Uma das piores violências culturais que uma pessoa pode sofrer é, muitas vezes, involuntária. Trata-se da doutrinação mística/religiosa por parte de familiares ante a uma criança que ainda não tem a distinção cognitiva de pensar por si só. Além de ser eticamente condenável, é um abuso previsto pelo Estatuto da Criança e do Adolescente no Brasil, onde toda a criança e adolescente tem direito à liberdade de crença (e, conseqüentemente, de descrença) e de escolher, quando o juízo próprio permitir, o seu próprio caminho.

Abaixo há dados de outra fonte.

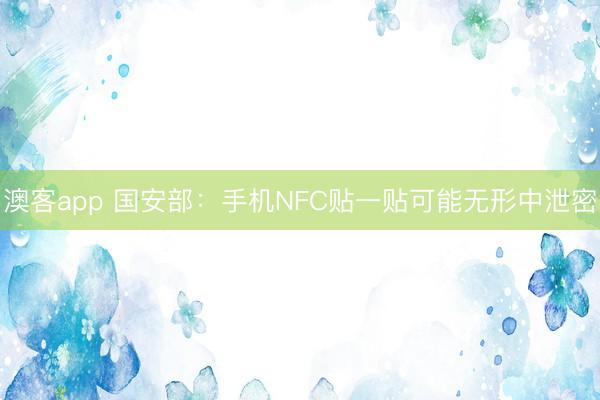澳客app 国安部：手机NFC贴一贴可能无形中泄密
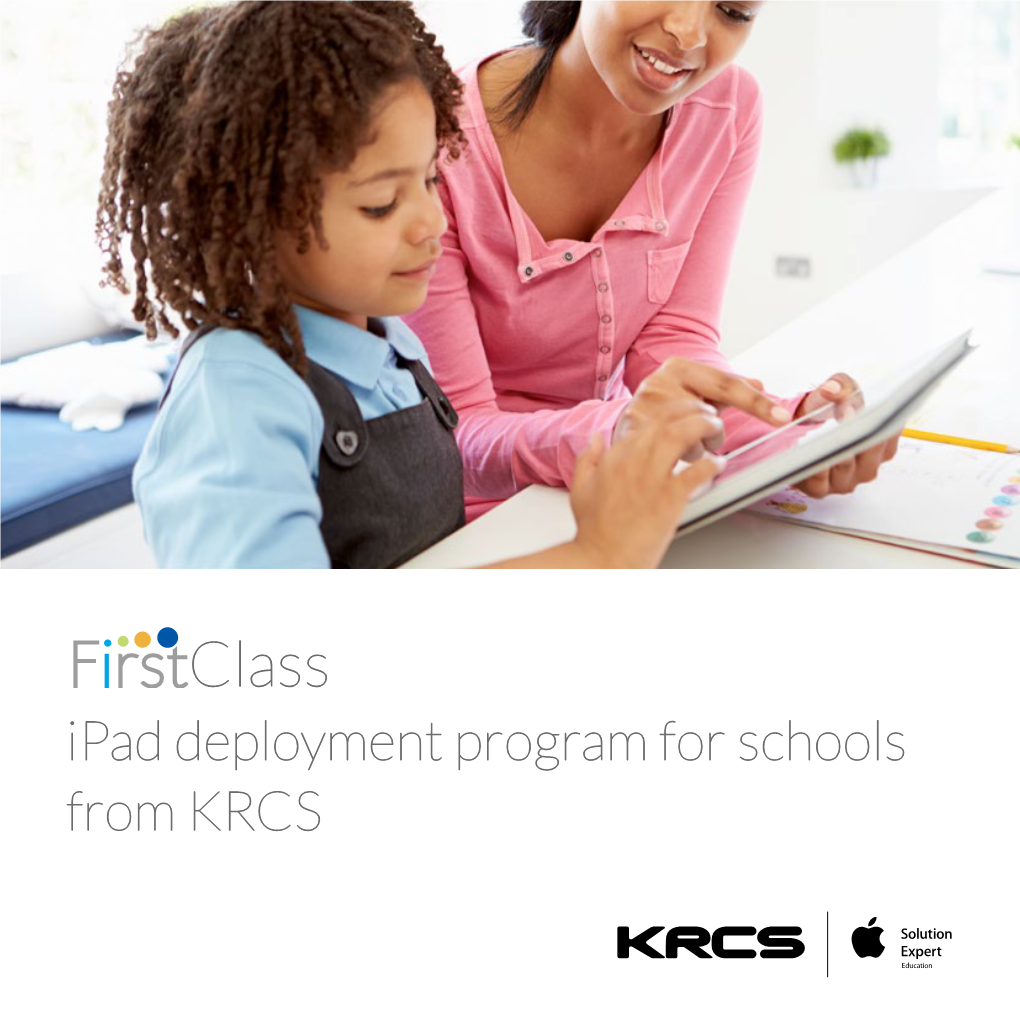 Ipad Deployment Program for Schools from KRCS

As crianças se tornam, em grande parte, adultos que não tiveram a opção de observar o mundo com seus próprios olhos. Muitas vezes, logo ao nascer, o bebê ocidental já tem um crucifixo no alto da parede de seu quarto, dando aos visitantes claros sinais de qual doutrina o pequeno irá tirar sua visão de mundo. Isso não é muito diferente nas outras culturas, cada qual com seu deus ou deuses, haja vista que a religião é um aspecto fortemente ligado à cultura de seu povo. Ainda que os pais sejam de determinada corrente religiosa, é inadmissível, do ponto de vista moral, considerar razoável que seus filhos tenham sua liberdade tolhida desde a mais tenra infância. Dentro da malha intelectiva e cultural dos pais, aliadas à própria experiência de vida, pode-se considerar que tal imoralidade seja algo involuntário - há uma forte crença, do qual eles também são vítimas num ciclo vicioso, de que estão elevando os filhos à salvação - porém ainda assim imoral. Uma involuntariedade que muitas vezes é capaz de tolher e amputar o livre pensamento dos adultos do futuro, que deveriam ter a iniciativa própria de escolher seu próprio sistema de crenças ou até mesmo o abandono de todas elas, mediante a alfabetização científico-filosófica.
Quando
as pessoas são alfabetizadas cientificamente e filosoficamente, a
crença torna-se uma opção. Isso não quer dizer que todos que tenham uma sólida formação científica e filosófica abandonam todos os sistemas de crenças, é bom frisar. Apenas que a figura de deus e dos dogmas tornam-se apenas contingentes. A necessidade absoluta de uma crença mística
qualquer só se torna fundamental quando não há outra saída razoável: o
mundo é incrível e no não-entendimento das coisas, busca-se explicações
mirabolantes no intuito de acalmar a alma. A religião cumpre esse papel
mantendo as pessoas na ignorância - que todos temos - com o diferencial
de que nesse caso a própria ignorância e a acomodação em explicações
místicas sem sentido trate-se de uma virtude. Sair do nível místico ao
investigativo pode significar um longo processo, mas é um amadurecimento
extremamente compensador.
Não está sendo proposto aqui um caminho infalível ou uma verdade incontestável a respeito do que se deva crer ou não-crer. O que está sendo exposto é a defesa e o respeito ao livre pensamento e crença de todas as crianças, fazendo-se valer o Estatuto supracitado. Por mais que a visão mágica do mundo seja prazerosa para alguém, este mesmo alguém não tem o direito de julgar que seria o mesmo para outro - isso é um atentado à individualidade. Para o outro, o entendimento das coisas como elas são de fato podem fazer muito mais sentido - e ser igualmente maravilhoso.